PROBLEM => Look through the listing below and write out exactly the lines from the line with "Массовые проверки водителей" to the line with "POSTAL B10089: LECTURAS", both included, and no others.
= = =
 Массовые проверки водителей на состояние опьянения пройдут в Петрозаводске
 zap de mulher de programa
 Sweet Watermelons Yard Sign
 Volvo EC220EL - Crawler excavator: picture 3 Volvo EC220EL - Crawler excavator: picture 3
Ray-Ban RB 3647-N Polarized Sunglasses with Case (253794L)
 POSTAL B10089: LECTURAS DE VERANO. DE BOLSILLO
= = =
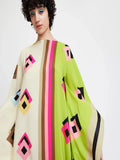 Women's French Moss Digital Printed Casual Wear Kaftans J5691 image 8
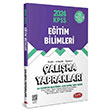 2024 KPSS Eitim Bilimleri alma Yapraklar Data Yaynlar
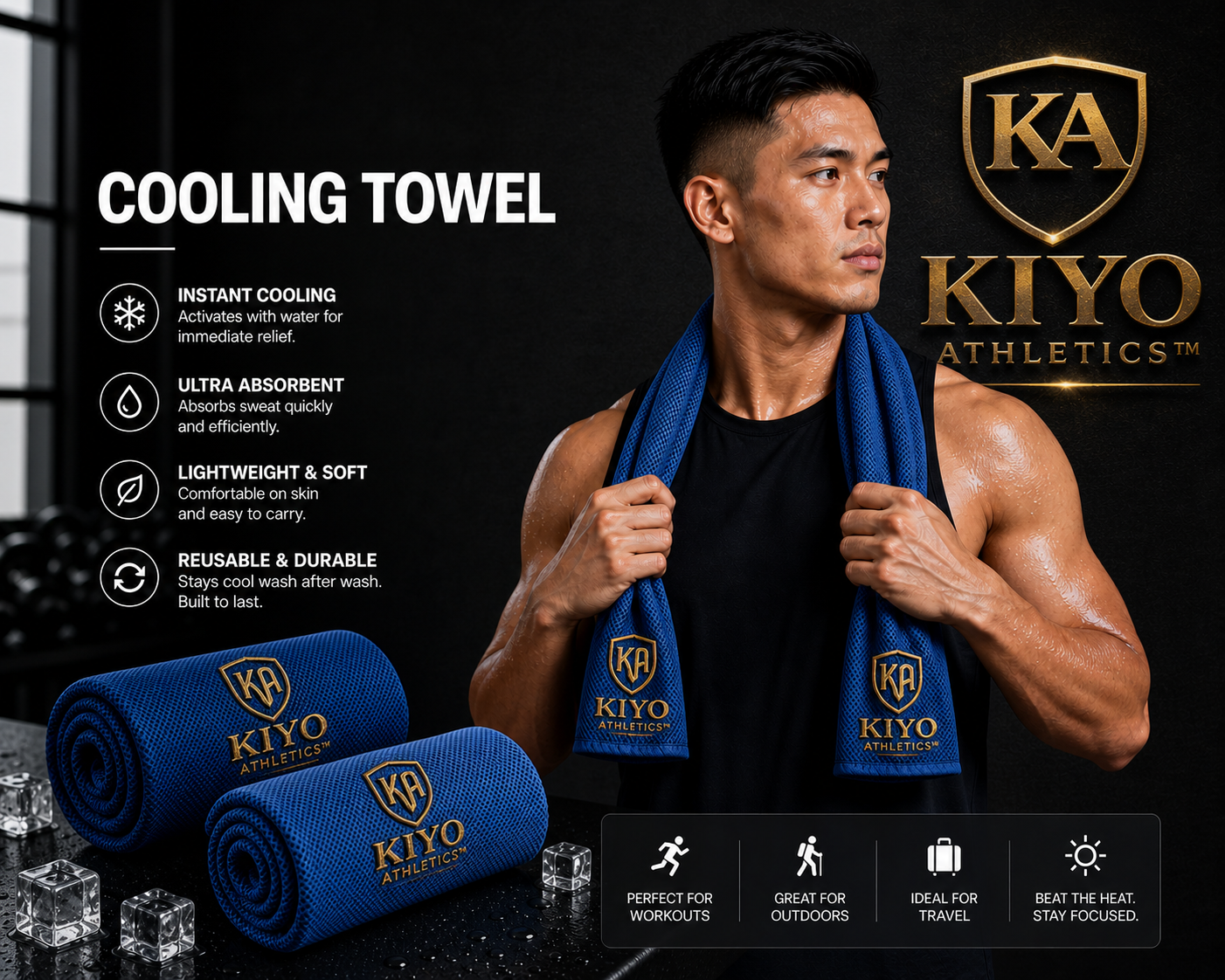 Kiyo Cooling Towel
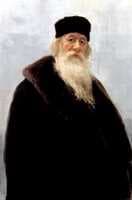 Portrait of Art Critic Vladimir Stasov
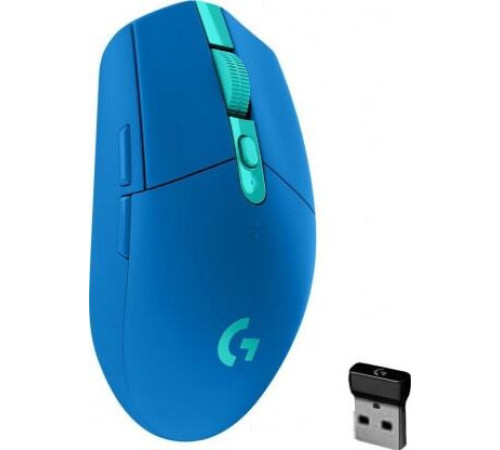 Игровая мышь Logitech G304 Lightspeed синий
= = =
PROBLEM SOLUTION =>
 Массовые проверки водителей на состояние опьянения пройдут в Петрозаводске
 zap de mulher de programa
 Sweet Watermelons Yard Sign
 Volvo EC220EL - Crawler excavator: picture 3 Volvo EC220EL - Crawler excavator: picture 3
Ray-Ban RB 3647-N Polarized Sunglasses with Case (253794L)
 POSTAL B10089: LECTURAS DE VERANO. DE BOLSILLO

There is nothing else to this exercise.